Furthermore Figure 3 shows a general increase again, when chain position increases. However, the results do not seem to suggest a definite trend towards better scores with more teaching.
T-test one, compared chain groups one and four putting the null hypothesis to the test by seeing whether the difference differed from zero. The mean score for first chain position participants was 9.22 with a standard deviation of 2.63 while those in chain four achieved much higher scores with a mean of 14.35 and a standard deviation of 3.24. The t(fd)=53.00, t-test value =-8.7037699794525100 and P-value= 0.0000000000085521. This shows limited support for the null hypothesis therefore confirming the first hypothesis to be correct, suggesting that participants in later chains score higher than those in beginning chains.
Table Showing Standard Deviation of Teaching Conditions in Chain Positions
CP 1 CP 2 CP 3 CP 4
Full Information 2.106157 1.898042 3.010665 3.391165
Inadvertent Information 2.278664 3.692136 3.860194 2.939874
Intentional Information 3.383866 2.353394 3.130846 4.127102
No Information 2.660249 1.921538 2.415229 2.192645
Note: ‘CP’= Chain Position
T-test two analyses the data in order to show whether hypothesis two was correct by comparing different teaching conditions. Fig. 4 shows the standard deviation of the scores per teaching group. These figures appear to support the null hypothesis -that there is no link between teaching condition and higher scoring. The T(df)= 26.00, the t value= 0.15 and the P value= 0.87. This result suggests that it cannot be concluded that a significant difference between teaching conditions exists, therefore confirming the null hypothesis for hypothesis two.
Hypothesis one (that the last participants in chains will score higher than the first if asked to participate in a game testing cumulative culture) was supported by the data gathered in the experiment showing a positive correlation. Hypothesis two (that final learners in chains who can communicate with teachers will perform better than those who cannot) was found to have little evidence to support it, disproving the hypothesis. This is supported by psychological literature by Caldwell et al (2017) whereby it is suggested that ‘”Teaching” may not necessarily function to facilitate learning’ (Human Teaching and Cumulative Cultural Evolution, p.3). This reinforces the theory suggested in psychological literature by Lewis and Laland (2012) that imitation and copying may be more important to successful learning than teaching.

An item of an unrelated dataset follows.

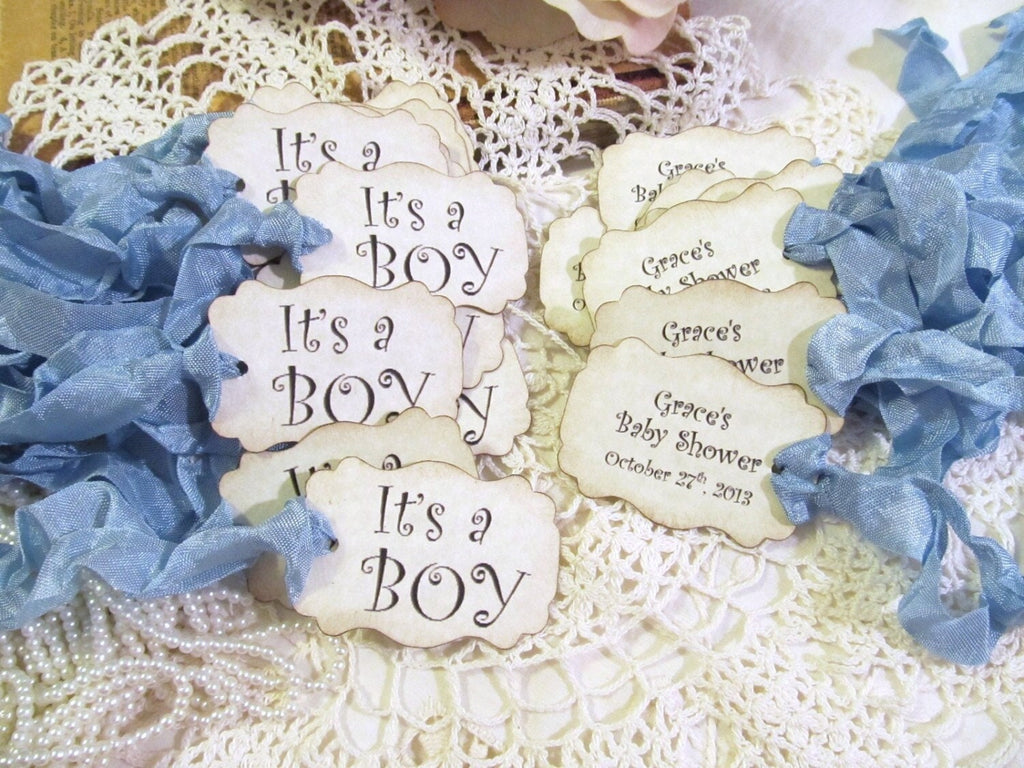 It's a Boy Favor Gift Tags - Baby Shower Sprinkle Tags - Double Sided Personalized - Set of 18 - Choose Ribbons - sweet baby boy tags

It is important to acknowledge potential confounding variables such as those which may have reduced the reliability or validity of the results for example, participants rushing to finish their games and the difference in ratio of female to male participants. It could be hypothesised that differences in gender may have an effect on how participants react to different teaching conditions. Furthermore other factors such as participant’s concentration levels throughout the experiment may have affected the results, for example if the participants were unfocused due to hunger or tiredness, they may score lower scores than those who are not.
In conclusion it is clear from the results of the experiment that chain position does affect the success of participants when faced with tasks but that teaching condition does not necessarily have a significant impact. Leading on from this research, further possible research opportunities may lie in considering whether or not gender effects the way participants react to teaching conditions. This would allow more insight into gender differences in learning behaviours.